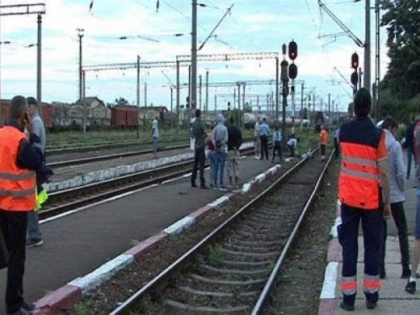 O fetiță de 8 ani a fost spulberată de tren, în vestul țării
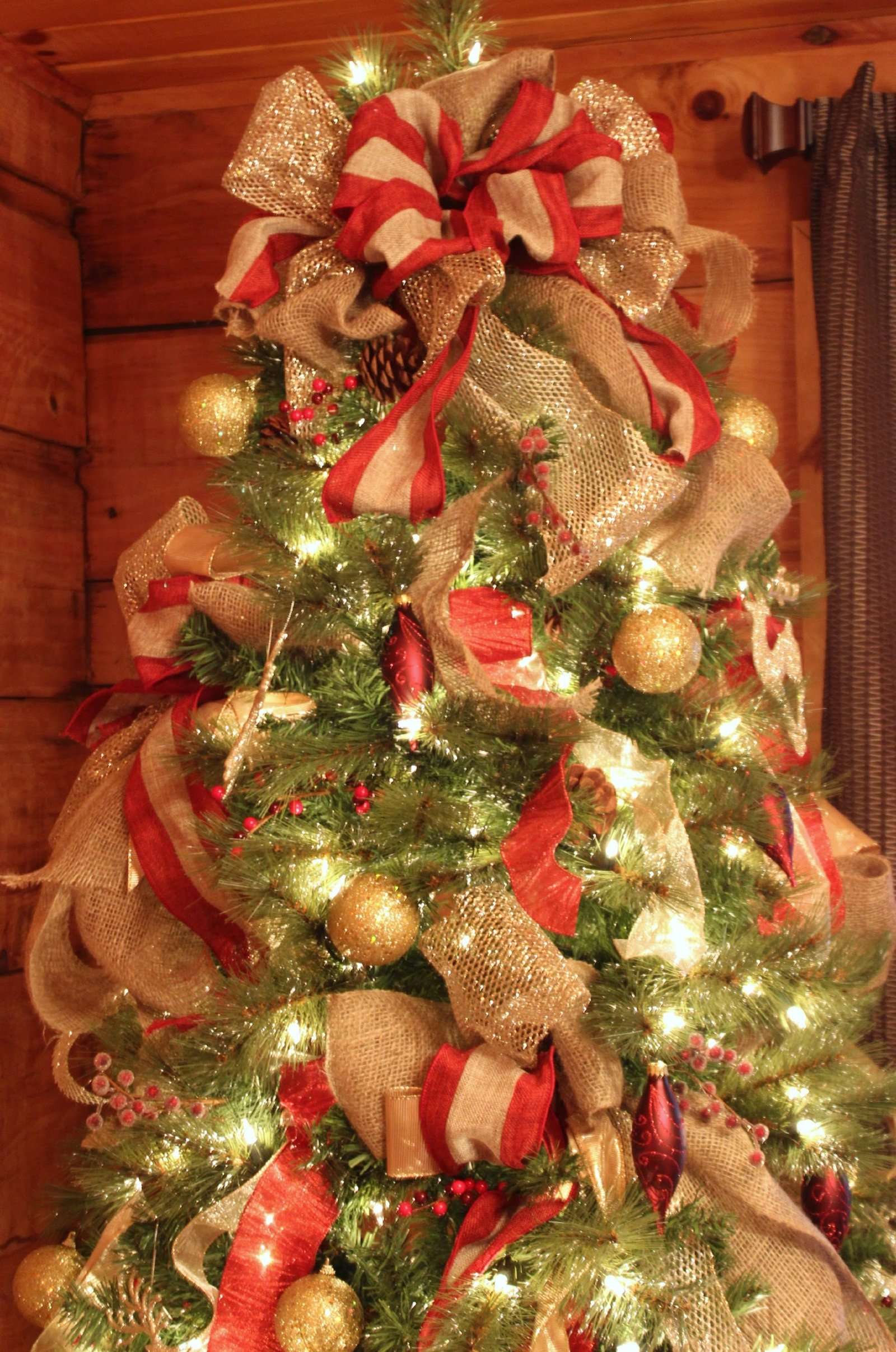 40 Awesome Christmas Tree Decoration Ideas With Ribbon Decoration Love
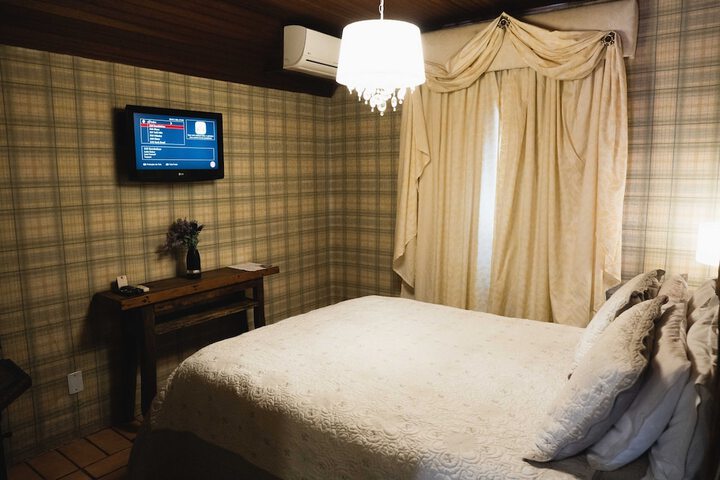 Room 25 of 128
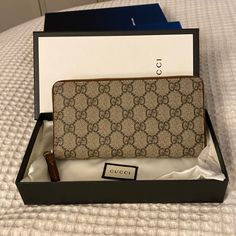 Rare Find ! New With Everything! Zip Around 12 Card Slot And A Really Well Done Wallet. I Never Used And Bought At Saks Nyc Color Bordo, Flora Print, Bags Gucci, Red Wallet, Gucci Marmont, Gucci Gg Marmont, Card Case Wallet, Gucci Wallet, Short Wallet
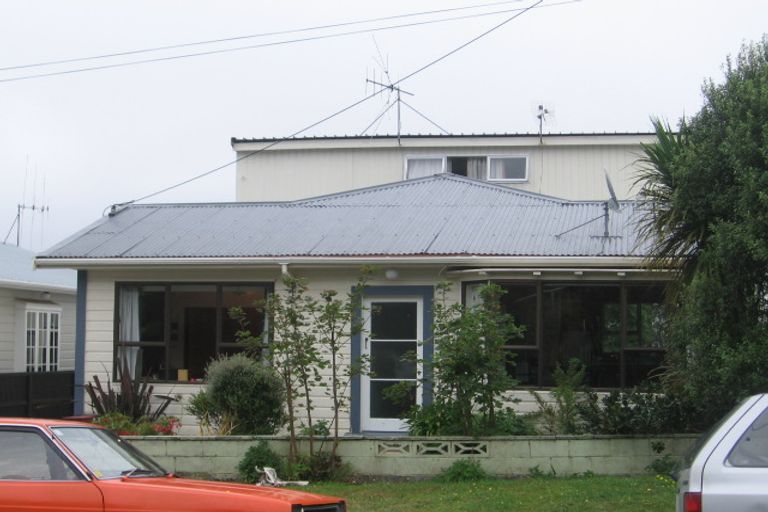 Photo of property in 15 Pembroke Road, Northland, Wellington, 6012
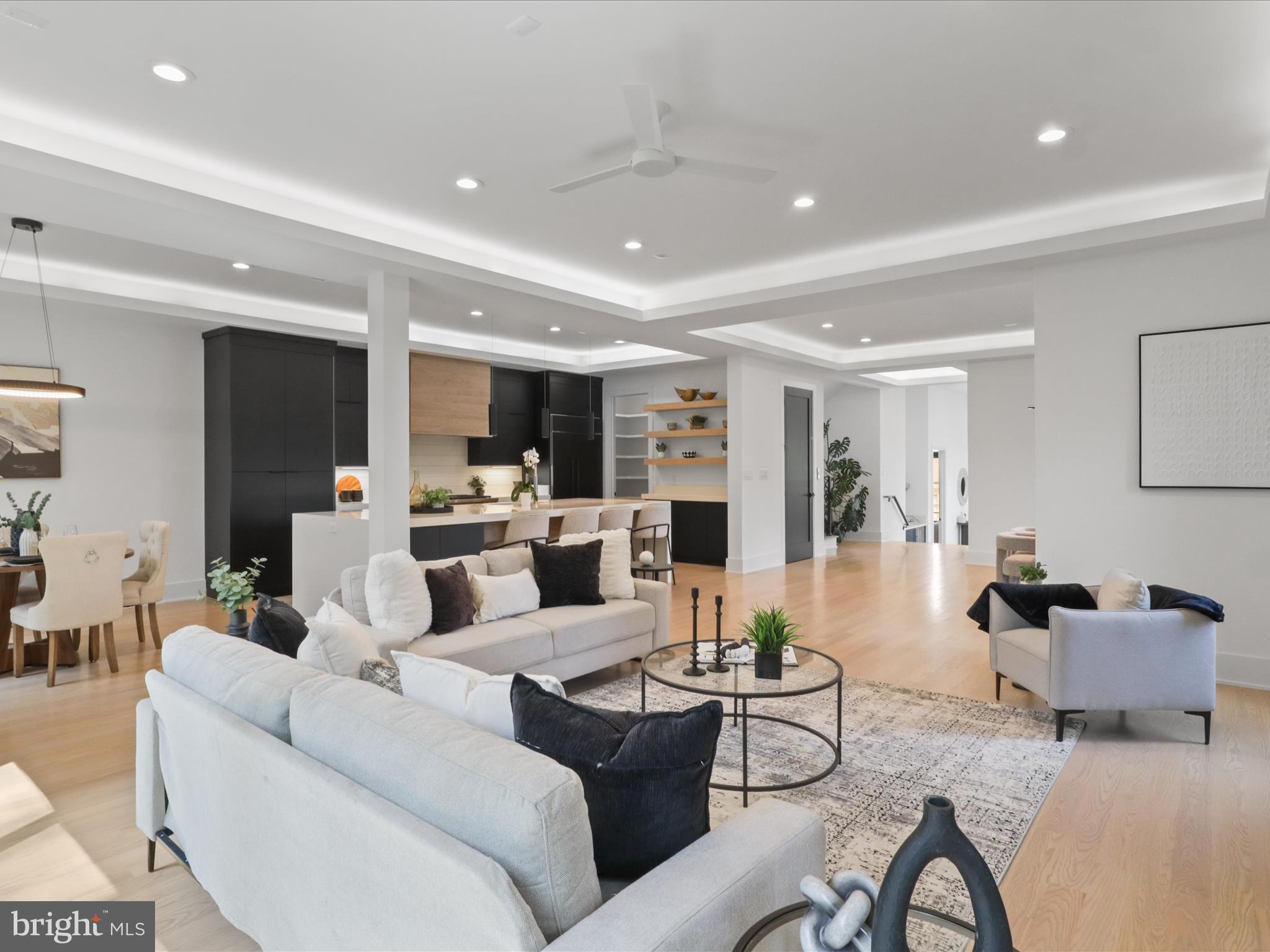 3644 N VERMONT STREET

## [What this task involves]
Find the line with "Rare Find !". Return it and each line after it through the end of the data, exactly, without pictures.

## [Answer area]
 Rare Find ! New With Everything! Zip Around 12 Card Slot And A Really Well Done Wallet. I Never Used And Bought At Saks Nyc Color Bordo, Flora Print, Bags Gucci, Red Wallet, Gucci Marmont, Gucci Gg Marmont, Card Case Wallet, Gucci Wallet, Short Wallet
 Photo of property in 15 Pembroke Road, Northland, Wellington, 6012
 3644 N VERMONT STREET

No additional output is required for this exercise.